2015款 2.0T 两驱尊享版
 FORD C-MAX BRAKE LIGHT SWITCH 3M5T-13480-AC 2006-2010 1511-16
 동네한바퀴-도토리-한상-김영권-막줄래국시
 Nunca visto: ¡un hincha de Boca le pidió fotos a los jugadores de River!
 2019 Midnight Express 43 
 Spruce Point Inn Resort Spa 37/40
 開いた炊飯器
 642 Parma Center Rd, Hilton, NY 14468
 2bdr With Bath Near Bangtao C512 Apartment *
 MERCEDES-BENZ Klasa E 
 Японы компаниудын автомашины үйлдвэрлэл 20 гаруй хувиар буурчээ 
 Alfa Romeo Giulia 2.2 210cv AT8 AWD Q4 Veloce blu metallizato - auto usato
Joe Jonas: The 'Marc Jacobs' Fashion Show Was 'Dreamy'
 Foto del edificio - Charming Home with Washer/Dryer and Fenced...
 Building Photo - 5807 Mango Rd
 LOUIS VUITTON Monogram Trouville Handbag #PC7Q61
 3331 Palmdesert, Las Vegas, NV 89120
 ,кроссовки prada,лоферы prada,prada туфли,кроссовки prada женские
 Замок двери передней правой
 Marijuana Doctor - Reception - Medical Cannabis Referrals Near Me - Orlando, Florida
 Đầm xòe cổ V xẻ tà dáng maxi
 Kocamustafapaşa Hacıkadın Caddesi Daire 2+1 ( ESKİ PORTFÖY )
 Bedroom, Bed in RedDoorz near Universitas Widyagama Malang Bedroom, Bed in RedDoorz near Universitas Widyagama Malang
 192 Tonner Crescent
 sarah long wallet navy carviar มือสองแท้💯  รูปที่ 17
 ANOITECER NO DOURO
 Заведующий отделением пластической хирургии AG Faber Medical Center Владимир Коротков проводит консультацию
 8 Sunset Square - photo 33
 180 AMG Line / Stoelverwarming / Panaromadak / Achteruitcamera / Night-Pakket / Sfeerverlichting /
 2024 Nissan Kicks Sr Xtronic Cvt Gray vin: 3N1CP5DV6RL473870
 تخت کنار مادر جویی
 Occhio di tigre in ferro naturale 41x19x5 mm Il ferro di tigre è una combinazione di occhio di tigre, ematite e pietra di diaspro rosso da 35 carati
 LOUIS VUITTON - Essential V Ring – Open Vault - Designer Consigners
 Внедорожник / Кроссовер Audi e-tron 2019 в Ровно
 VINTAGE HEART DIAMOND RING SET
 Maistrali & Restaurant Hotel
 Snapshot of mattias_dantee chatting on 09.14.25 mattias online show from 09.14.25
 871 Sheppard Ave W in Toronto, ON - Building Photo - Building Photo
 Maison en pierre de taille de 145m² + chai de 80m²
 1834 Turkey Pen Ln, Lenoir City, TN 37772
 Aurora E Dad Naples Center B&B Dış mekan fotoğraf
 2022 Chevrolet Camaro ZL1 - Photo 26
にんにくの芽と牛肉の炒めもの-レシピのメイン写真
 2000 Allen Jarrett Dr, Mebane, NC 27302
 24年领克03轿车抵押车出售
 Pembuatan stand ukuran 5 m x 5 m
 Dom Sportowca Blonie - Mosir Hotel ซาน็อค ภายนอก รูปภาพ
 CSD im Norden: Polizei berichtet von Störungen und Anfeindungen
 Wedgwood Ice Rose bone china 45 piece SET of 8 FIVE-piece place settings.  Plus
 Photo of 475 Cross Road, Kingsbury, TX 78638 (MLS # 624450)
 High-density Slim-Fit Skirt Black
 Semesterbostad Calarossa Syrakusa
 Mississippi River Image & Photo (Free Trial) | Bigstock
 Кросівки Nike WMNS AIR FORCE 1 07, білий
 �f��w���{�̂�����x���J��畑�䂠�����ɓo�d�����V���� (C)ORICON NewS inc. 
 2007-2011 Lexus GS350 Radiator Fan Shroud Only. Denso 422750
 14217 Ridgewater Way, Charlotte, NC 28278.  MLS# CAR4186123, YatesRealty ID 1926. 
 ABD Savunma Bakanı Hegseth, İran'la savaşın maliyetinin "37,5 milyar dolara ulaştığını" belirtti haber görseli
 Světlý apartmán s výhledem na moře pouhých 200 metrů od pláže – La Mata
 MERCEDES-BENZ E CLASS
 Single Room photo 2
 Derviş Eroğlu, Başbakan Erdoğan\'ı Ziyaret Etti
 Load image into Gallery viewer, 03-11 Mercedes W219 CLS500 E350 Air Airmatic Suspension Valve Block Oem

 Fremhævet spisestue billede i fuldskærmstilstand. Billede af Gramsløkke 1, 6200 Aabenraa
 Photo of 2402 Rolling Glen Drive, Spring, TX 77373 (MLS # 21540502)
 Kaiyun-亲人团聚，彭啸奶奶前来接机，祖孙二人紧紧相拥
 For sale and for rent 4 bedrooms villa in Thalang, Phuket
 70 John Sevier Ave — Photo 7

• • • •

Task to carry out:
Set aside each line above that includes the string "Medical" and report it.

Result of the task:
 Marijuana Doctor - Reception - Medical Cannabis Referrals Near Me - Orlando, Florida
 Заведующий отделением пластической хирургии AG Faber Medical Center Владимир Коротков проводит консультацию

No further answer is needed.